Eine Identität entsteht im sozialen Gefüge.
shhhh entgegnete am 3. Sep, 17:04:
Frau E.,
nicht alles in einen Topf werfen. Ich zitier ja musikalisch, daß ist ja schon wieder was anderes, und das hängt ja auch eher mit meiner musikalischen Sozialisation zusammen. Ich seh mich aber als Künstler irgendwo in der Verantwortung. Will heißen, wenn ich Texte schreibe, und genau weiß, daß das auch gehört wird, dann bin ich auch vorsichtig. Der Heppner, den Du da gerade mit dem Witt verwechselst (die beiden hatten aber mal ein Duo, das stimmt), der hat das für meinen Geschmack einfach zu offensichtlich auf diesen faschistoid angehauchten 40er jahre Nationalstolz getrimmt. Das ist meiner Meinung nach nicht besser als Störkraft. Eigentlich sogar noch schlimmer, weil die selben Werte in einer weichgespülten Variante serviert werden. Ich will ja noch nicht mal sqagen, daß der Heppner ein Fascho ist. Vielleicht hat der das alles auch ganz anders gemeint, und vielleicht sogar in dem Sinne, wie Du das siehst. ABER - und das ist jetzt bewusst groß geschrieben - Kai, der 17jährige Fascho aus Siegen-Geisweid, der sieht das ein bisschen anders.
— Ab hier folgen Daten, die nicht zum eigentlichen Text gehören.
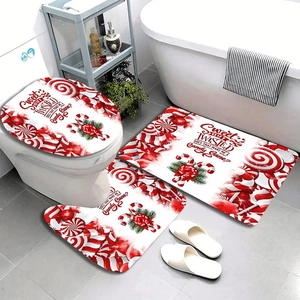 Three-piece Christmas bath mat set with candy cane patterns and Sweet but Twisted text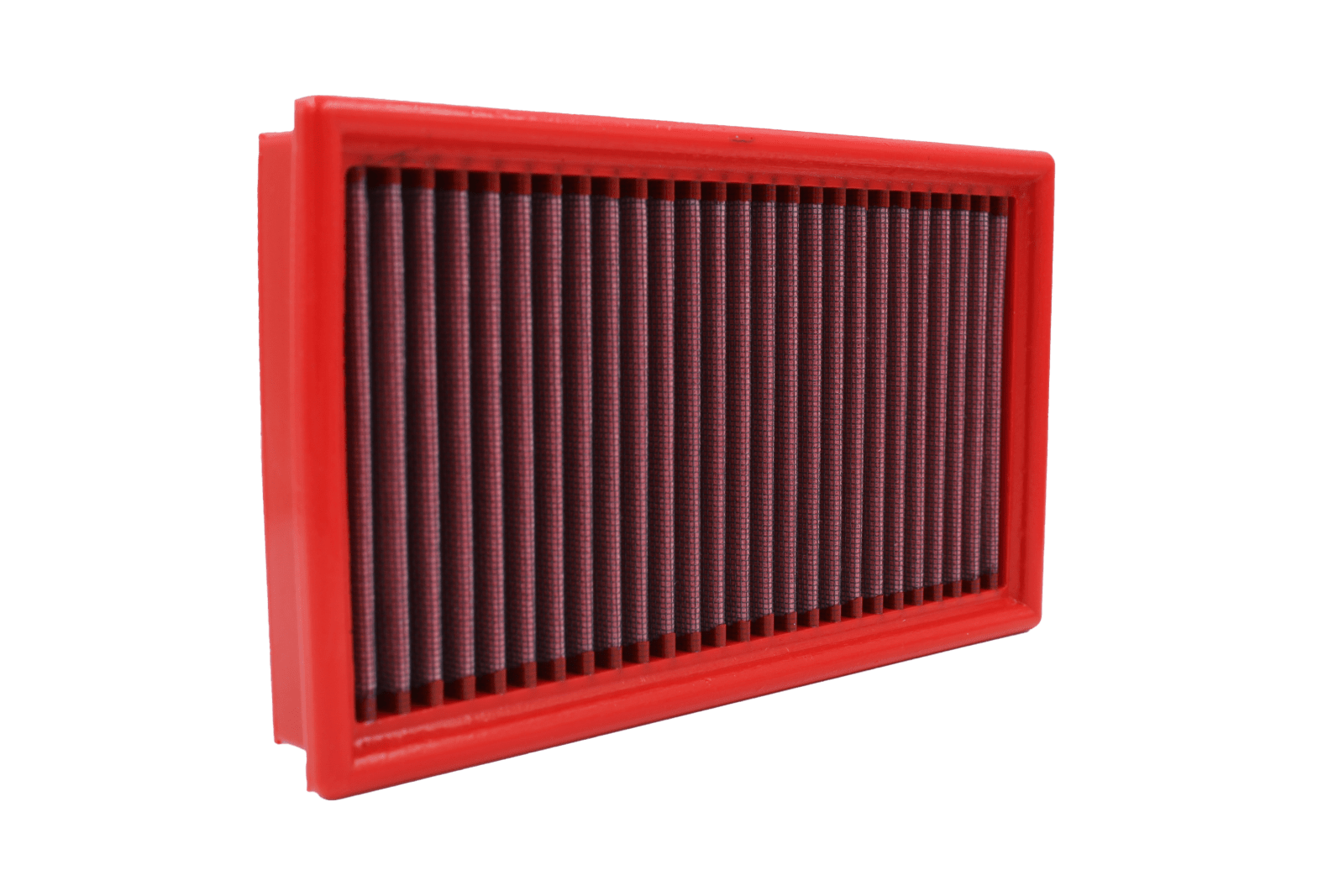 BMC FB117/01 red cotton replacement panel air filter, upright three-quarter view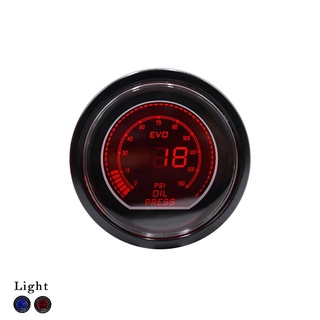 เครื่องวัดความดันน้ํามันรถยนต์ EVO Gauge LCD Led 0-150PSI 52 มม. 2 นิ้ว พร้อมเซนเซอร์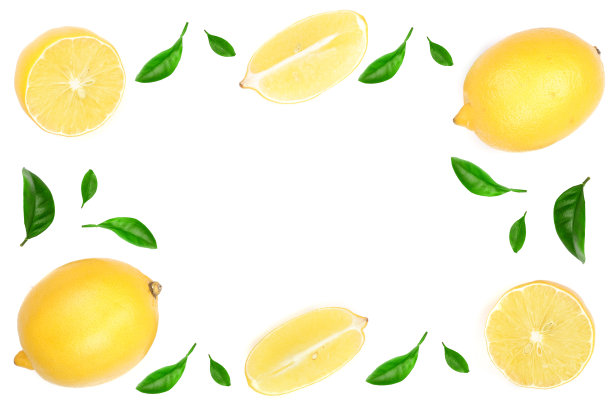 框架柠檬孤立的白色背景装饰与绿色的叶子与复制空间为您的文本，俯视图图片下载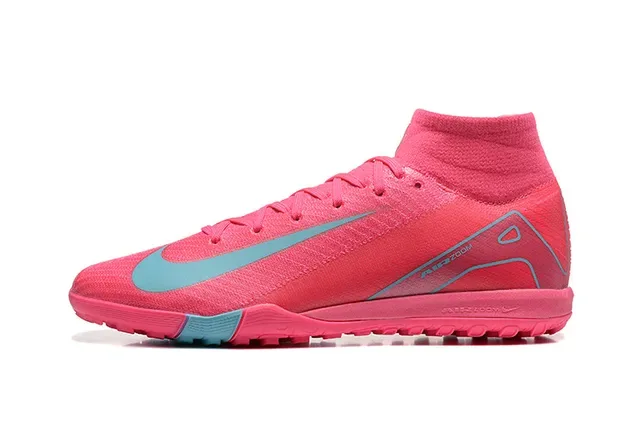 Nike chaussures de football turf haut, tricot, col de cheville intégré, rose et bleu 10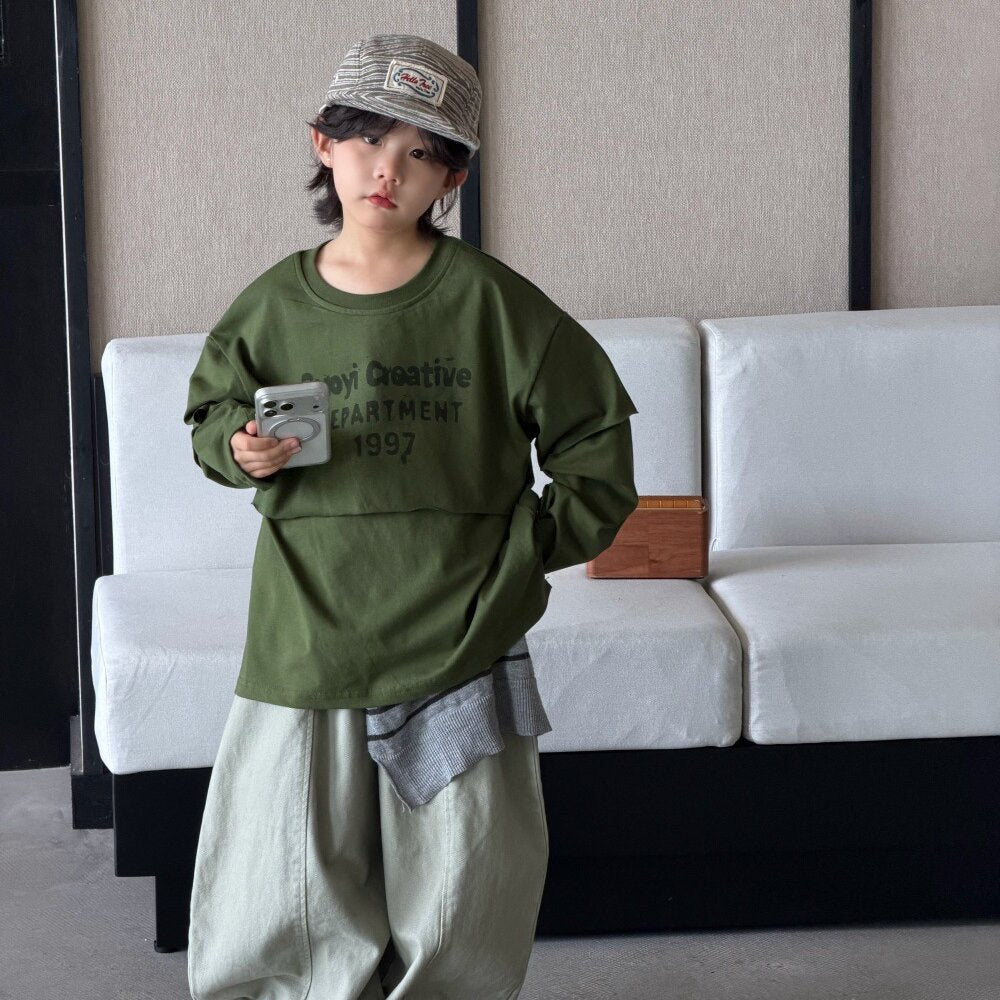 キッズ ジュニア 英字プリント フェイクレイヤード 長袖Tシャツ ワイド デニムパンツ【mh0014437】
Der freut sich nämlich immer, wenn der Heppner hört, weil er dann sagen kann: Aha, der Heppner ist auch einer von uns, und alle finden den gut, also haben ich und meine Jungs ja recht mit Deutschland, Deutschland. Und darum geht's letztendlich. Das ist ein sehr gefährliches Spiel. Ich kann über den Eichinger-Film nichts sagen, ich hab ihn nicht gesehen. Ich kann aber sagen, daß es mich stört, wenn jemand "Wir sind wir!" singt, obwohl da "Ich bin ich!" angebrachter ist.
shhhh entgegnete am 3. Sep, 17:09:
Zu Deinem PS:
Ich hab leider weder von Grimm, noch von Soziologie eine Ahnung - widerstrebt mit aber auch, da irgendwas zu zitieren, denn sonst müsst ich bei der Bibel anfangen, und der Tatsache, daß Stolz mal eine Todsünde war. Was die Identität angeht: Ich glaube (ich weiß es aber nicht), daß die mit vermittelten und erlernten Werten wächst. Wenn ich mich auf 40er Jahre Werte berufe, ist das aber nciht sinn der Sache. Im Zuge von Vergangenheitsbewältigung erst recht nicht.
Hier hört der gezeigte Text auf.